Through this program, the national government guaranteed the purchase of electricity for 20 years at a fixed rate in dollars and created a guaranty fund with the participation of international credit institutions to guarantee payment.
The share of renewable sources in the total electricity mix, almost non-existent in 2015, grew significantly since 2016, reaching a record high of 13 percent on average in 2021.
Today, Argentina’s electricity system has an installed capacity of almost 43,000 MW, of which 5,175 MW are renewable. The main source of generation is thermal (powered by natural gas and, to a lesser extent, oil) making up 59 percent of the total, followed by large hydroelectric projects, which make up 25 percent (only hydroelectric projects of less than 50 MW are considered renewable).
Among renewables, the largest share last year came from wind (74 percent), followed by solar (13 percent), small hydro (7 percent) and bioenergies, according to official data
Of the 189 renewable energy projects in operation, 133 were commissioned over the last four years.
Clean energies today face two major problems in this country, according to Marcelo Alvarez, a member of the board of directors of the Argentine Chamber of Renewable Energies (CADER).
One has to do with infrastructure due to the saturation of the electricity transmission networks that deliver electric power to large cities. Another is the lack of financing, as a result of the macroeconomic conditions in the country.
“Even private ventures in distributed generation today are practically reserved only for environmental activists, because the lack of financing and extremely low electricity rates make them unprofitable,” Alvarez explained.
He said that the way things are going, the country is not likely to meet the goal set by law in 2015, for 20 percent of the national electricity mix to come from domestic sources by 2025.
“From a technical point of view, Argentina’s potential for renewable energies is enormous, because it has the necessary natural resources.
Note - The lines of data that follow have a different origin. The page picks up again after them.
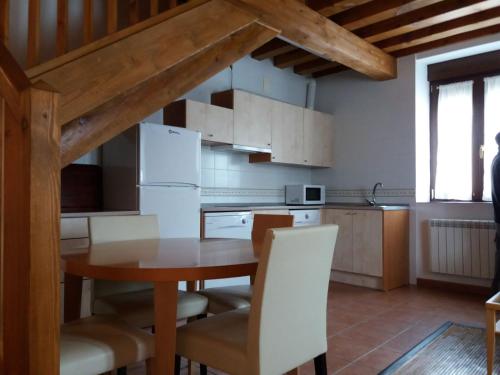 a kitchen with a wooden table and white cabinets at Casa Rural La Antigua Fragua in Los Llanos de Tormes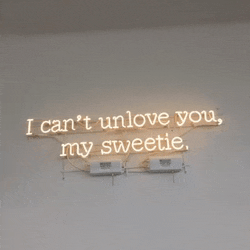 a neon sign that says i can t unlove you my sweetie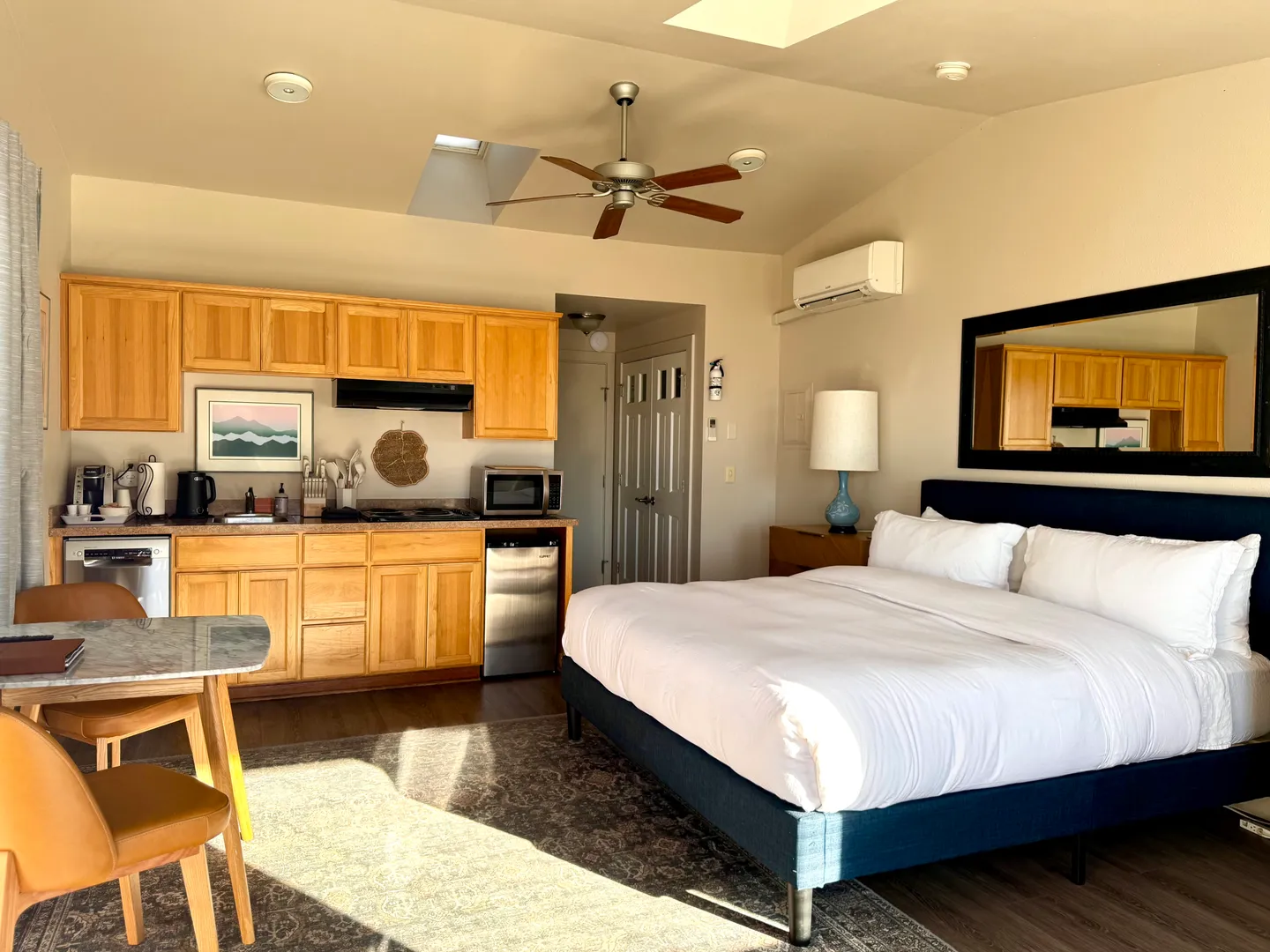 Studio living space featuring a bed with a dark blue frame, a compact kitchenette with wooden cabinets, and a small dining table.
And economically too, because in the medium term the costs of electricity production will fall,” Gabriel Blanco, a specialist in renewable energies from the National University of the Center of the Province of Buenos Aires (UNICEN), told Ecoamericas.
“The main obstacle is that there is no political will, because the decision is to bet on the energy business of fossil fuels, large hydroelectric and nuclear power plants,” he added.
The Escobar solar park has an installed capacity of 2.3 MW and required an investment of some two million dollars, which will be recovered with the sale of electricity within seven years, said the mayor of Escobar, Ariel Sujarchuk. “Between 23 and 53 more years of useful life of pure profit will be left after that,” he added.
The inauguration was also attended by Environment Minister Juan Cabandié, who pledged more than 1.7 million dollars in government funds for the expansion of the solar park, which has a large piece of land available for the installation of more panels.
In his speech in Escobar, Cabandié criticized industrialized countries for failing to comply with the financing needed to transform the economies of developing countries, as pledged under the Paris Agreement on climate change, adopted in the French capital in 2015.
The minister said that “the sector responsible for damaging the planet is in the Northern, not the Southern, hemisphere,” and argued that it is the countries of the North that must assume “the responsibility of financing the transition to sustainability of the countries of the South.”